Photo by Neil Shephard.
Pre-commit is written in Python but that isn’t a limitation as it will lint YAML, JSON, C, JavaScript, Go, Rust, TOML, Terraform, Jupyter Notebooks, and so on. The list of supported hooks is vast.
For those unfamiliar with version control and Git in particular this will likely all sound alien. If you are new to the world of version control and Git I can highly recommend the Git & Github through GitKraken Client - From Zero to Hero! course offered by the Research Software Engineering at the University of Sheffield and developed by Alumni Anna Krystalli.
In computing a “hook” refers to something that is run prior to or in response to a requested action. In the context of the current discussion we are talking about hooks that relate to actions undertaken in Git version control and specifically actions that are run before a “commit” is made.
When you have initialised a directory to be under Git version control the settings and configuration are stored in the
.git/
sub-directory. There is the .git/config
file for the repositories configuration but also the .git/hooks/
directory that is populated with a host of *.sample
files with various different names that give you an in-road into
what different hooks you might want to run. Its worth spending a little time reading through these if you haven’t done
so yet as they provide useful examples of how various hooks work.
Typically when writing code you should lint your code to ensure it conforms to agreed style guides and remove any “code smells” that may be lingering (code that violates design principles). It won’t guarantee that your code is perfect but its a good starting point to improving it. People who write a lot of code have good habits of doing these checks manually prior to making commits. Experienced coders will have configured their Integrated Development Environment (IDE) to apply many such “hooks” on saving a file they have been working on.
At regular points in your workflow you save your work and check it into Git by making a commit and that is
where pre-commit
comes in to play because it will run all the hooks it has been configured to run against the files
you are including in your commit. If any of the hooks fail then your commit is not made. In some cases pre-commit
will automatically correct the errors (e.g. removing trailing white-space; applying
black formatting if configured) but in others you have to correct them yourself before a
commit can be successfully made.
Initially this can be jarring, but it saves you, and more importantly those who you are asking to review your code, time and effort. Your code meets the required style and is a little bit cleaner before being sent out for review. Long term linting your code is beneficial (see Linting - What is all the fluff about?).
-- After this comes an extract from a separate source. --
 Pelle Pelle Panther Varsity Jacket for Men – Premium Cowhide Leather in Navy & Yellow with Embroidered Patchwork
Pre-commit is written in Python and so you will need Python installed on your system in order to use it. Aside from that there is little else extra that is required to be manually installed as pre-commit installs virtual environments specific for each enabled hook.
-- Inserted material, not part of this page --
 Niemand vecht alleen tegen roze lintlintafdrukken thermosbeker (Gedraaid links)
Most systems provide pre-commit
in their package management system but typically you should install pre-commit
within your virtual environment or under your user account.
pip install pre-commit
conda install -c conda-forge pre-commit
If you are working on a Python project then you should include pre-commit
as a requirement (either in
requirements-dev.txt
) or under the dev
section of [options.extras_require]
in your setup.cfg
as shown below.
[options.extras_require]
dev =
pre-commit
pytest
pytest-cov
Configuration of pre-commit is via a file in the root of your Git version controlled directory called
.pre-commit-config.yaml
. This file should be included in your Git repository, you can create a blank file or
pre-commit
can generate a sample configuration for you.
# Empty configuration
touch .pre-commit-config.yaml
# Auto-generate basic configuration
pre-commit sample-config
git add .pre-commit-config.yaml
Each hook is associated with a repository (repo
) and a version (rev
) within it. Many are available from the
https://github.com/pre-commit/pre-commit-hooks
. The default set of pre-commit
hooks might look like the following.
repos:
- repo: https://github.com/pre-commit/pre-commit-hooks
rev: v4.3.0 # Use the ref you want to point at
hooks:
- id: trailing-whitespace
types: [file, text]
- id: check-docstring-first
- id: check-case-conflict
- id: end-of-file-fixer
types: [python]
- id: requirements-txt-fixer
- id: mixed-line-ending
types: [python]
args: [--fix=no]
- id: debug-statements
- id: fix-byte-order-marker
- id: check-yaml
Some hooks are available from dedicated repositories, for example the following runs Black, Flake8 and Pylint on your code and should follow under the above (with the same level of indenting to be valid YAML).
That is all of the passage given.